Valuation is only a worthwhile metric in determining the price of a security when markets are functioning properly. Well functioning markets have a combination of many buyers and many sellers, whose individually self-motivated actions lead to price discovery and liquidity. One problem with markets is that liquidity can rapidly disappear, leaving investors holding a bag full of assets which are not worth anything near their “valuation”.
The proliferation of ETFs has certainly increased access and liquidity in many markets, including stocks, bonds and precious metals. This proliferation has also created a liquidity trap. Investors have become accustomed to well functioning markets for high yield bond ETFs, wherein they are able to buy and sell diversified baskets of bonds with a single ticker on an exchange. But can a derivative or a basket honestly offer better liquidity than the underlying assets?

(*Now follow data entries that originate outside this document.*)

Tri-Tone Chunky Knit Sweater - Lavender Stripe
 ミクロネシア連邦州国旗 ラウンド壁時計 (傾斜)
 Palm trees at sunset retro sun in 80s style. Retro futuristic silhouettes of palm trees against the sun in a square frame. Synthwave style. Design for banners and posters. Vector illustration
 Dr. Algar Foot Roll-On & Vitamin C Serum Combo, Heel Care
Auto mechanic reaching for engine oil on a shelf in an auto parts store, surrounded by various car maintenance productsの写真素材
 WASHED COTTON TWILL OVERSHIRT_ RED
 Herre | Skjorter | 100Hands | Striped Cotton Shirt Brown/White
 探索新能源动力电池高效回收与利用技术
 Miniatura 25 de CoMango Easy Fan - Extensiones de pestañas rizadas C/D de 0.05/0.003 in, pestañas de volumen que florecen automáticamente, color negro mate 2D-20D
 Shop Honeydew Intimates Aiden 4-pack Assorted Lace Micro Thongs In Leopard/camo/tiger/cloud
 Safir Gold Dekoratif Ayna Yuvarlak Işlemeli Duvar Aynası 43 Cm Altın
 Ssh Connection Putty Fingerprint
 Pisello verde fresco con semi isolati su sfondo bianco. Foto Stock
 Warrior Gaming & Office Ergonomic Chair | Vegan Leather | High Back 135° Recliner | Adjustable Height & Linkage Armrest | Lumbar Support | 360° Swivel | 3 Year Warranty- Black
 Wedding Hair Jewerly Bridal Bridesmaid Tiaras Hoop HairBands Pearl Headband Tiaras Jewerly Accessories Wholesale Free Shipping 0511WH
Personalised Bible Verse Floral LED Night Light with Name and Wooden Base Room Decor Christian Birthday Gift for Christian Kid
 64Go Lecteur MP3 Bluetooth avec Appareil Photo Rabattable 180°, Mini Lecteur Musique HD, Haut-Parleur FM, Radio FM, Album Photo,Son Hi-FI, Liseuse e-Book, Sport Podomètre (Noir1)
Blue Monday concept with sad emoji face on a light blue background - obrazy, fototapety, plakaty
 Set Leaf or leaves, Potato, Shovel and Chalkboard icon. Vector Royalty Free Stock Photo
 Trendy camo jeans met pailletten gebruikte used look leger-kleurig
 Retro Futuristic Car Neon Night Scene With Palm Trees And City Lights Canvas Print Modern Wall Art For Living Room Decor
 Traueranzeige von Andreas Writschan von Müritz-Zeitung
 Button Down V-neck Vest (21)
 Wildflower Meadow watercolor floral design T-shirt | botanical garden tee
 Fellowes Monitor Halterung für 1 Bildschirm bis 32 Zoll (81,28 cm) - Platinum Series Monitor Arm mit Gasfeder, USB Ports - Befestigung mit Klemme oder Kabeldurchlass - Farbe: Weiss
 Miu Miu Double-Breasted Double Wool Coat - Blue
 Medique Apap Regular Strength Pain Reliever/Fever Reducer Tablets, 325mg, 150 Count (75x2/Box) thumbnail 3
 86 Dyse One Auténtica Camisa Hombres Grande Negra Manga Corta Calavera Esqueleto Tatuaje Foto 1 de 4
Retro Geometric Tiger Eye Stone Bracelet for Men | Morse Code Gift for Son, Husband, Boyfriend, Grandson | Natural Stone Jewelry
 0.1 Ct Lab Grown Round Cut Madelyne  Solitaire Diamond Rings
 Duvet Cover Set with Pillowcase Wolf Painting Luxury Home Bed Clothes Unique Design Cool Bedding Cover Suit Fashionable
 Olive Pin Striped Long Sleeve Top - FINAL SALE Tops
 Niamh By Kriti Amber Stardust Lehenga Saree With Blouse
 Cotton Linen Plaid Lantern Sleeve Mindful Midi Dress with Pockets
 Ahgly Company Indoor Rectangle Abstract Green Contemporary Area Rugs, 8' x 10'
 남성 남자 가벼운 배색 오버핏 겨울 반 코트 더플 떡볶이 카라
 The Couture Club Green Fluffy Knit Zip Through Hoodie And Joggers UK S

In practice, we’ve seen many liquidity crises in the recent past. The auction rate securities market, for example, seemed to provide an outsized benefit of money market like liquidity with enhanced triple-tax free yields. Ostensibly, this was a free lunch for institutional and high net worth investors. In terms of liquidity, there had only been 44 failed auctions between 1984 and 2007, but in the spring of 2008, the market froze. Billions of dollars of “value” in ARS was marked down to zero on investors’ statements. The issue was that the banks, historical buyers of last resort, had changed their behavior, and there was no one left to keep the market functioning.
So today, while the high yield bond ETF markets are functioning just fine, a major risk has developed under the surface. Just as with ARS in 2007, confidence around liquidity has never been higher, because it has yet to be tested. As the liquidity in the high yield bond market has rapidly declined, the liquidity mismatch between high yield bond ETFs and their underlying bonds has grown significantly. When this ETF market’s liquidity has a hiccup, there is a chance for massive dislocation between the ETF’s NAV and the price at which it trades.
The implicit safety net would be to count on arbitrageurs to profit from the dislocation between the NAVs and market prices. Unfortunately, this will be a difficult inefficiency to exploit, given the continued (and increasing) lack of liquidity in the underlying bonds. Case and point, despite there being a great opportunity to exploit dislocations for convertible bond arbitrageurs in 2008, many of them instead went out of business while the securities they traded reached levels that implied worse than 100% default rates.
The point to remember is that when liquidity dries up, prices have little to do with valuation and much more to do with the price someone who is liquid is willing to pay. Liquidity provides a much stronger hand in investing, and right now, the illusion of liquidity in high yield bond ETFs is creating a lot of weak hands who believe they are strong hands. By the time many of them realize what they have, there is likely to be significant and permanent price impairment in their portfolios.